■ Directions for this task
Reproduce exactly the line that contains "Презентация по нравственно-патриотическому" and every line after it through the end of the records below, leaving out all pictures.
-- Given records follows --
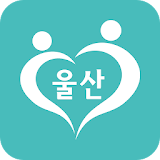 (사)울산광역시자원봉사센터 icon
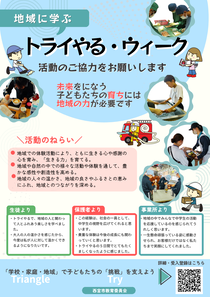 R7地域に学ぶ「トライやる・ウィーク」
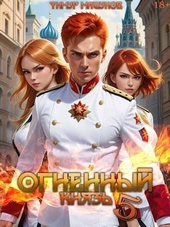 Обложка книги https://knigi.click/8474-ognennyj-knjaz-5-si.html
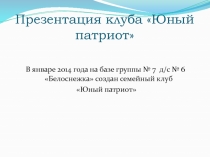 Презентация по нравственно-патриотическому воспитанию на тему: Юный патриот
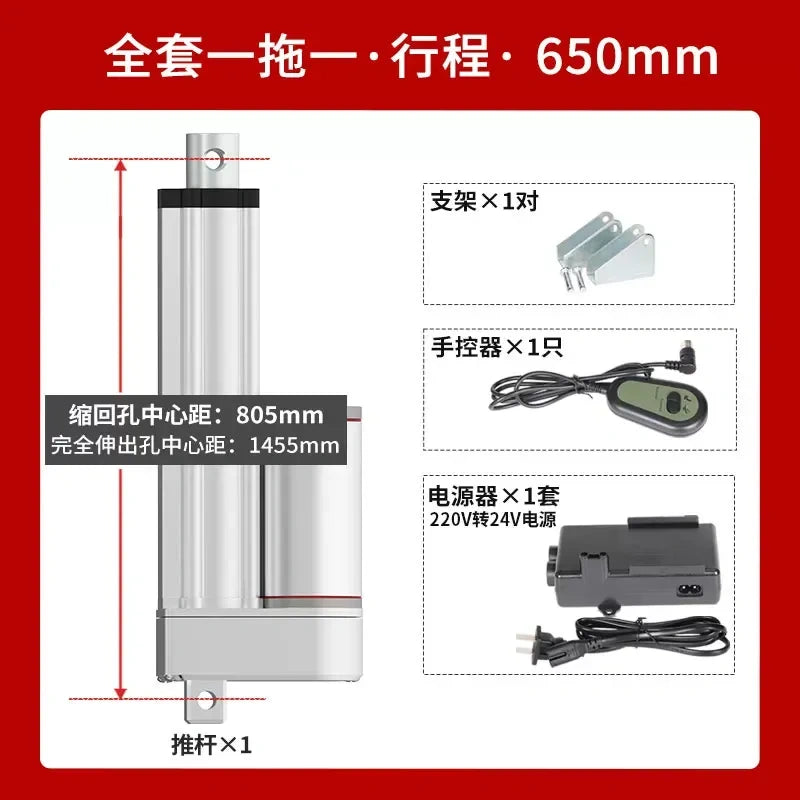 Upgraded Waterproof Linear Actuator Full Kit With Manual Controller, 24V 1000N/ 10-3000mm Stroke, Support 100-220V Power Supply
-- Given records concluded --
■ Task response
 Презентация по нравственно-патриотическому воспитанию на тему: Юный патриот
 Upgraded Waterproof Linear Actuator Full Kit With Manual Controller, 24V 1000N/ 10-3000mm Stroke, Support 100-220V Power Supply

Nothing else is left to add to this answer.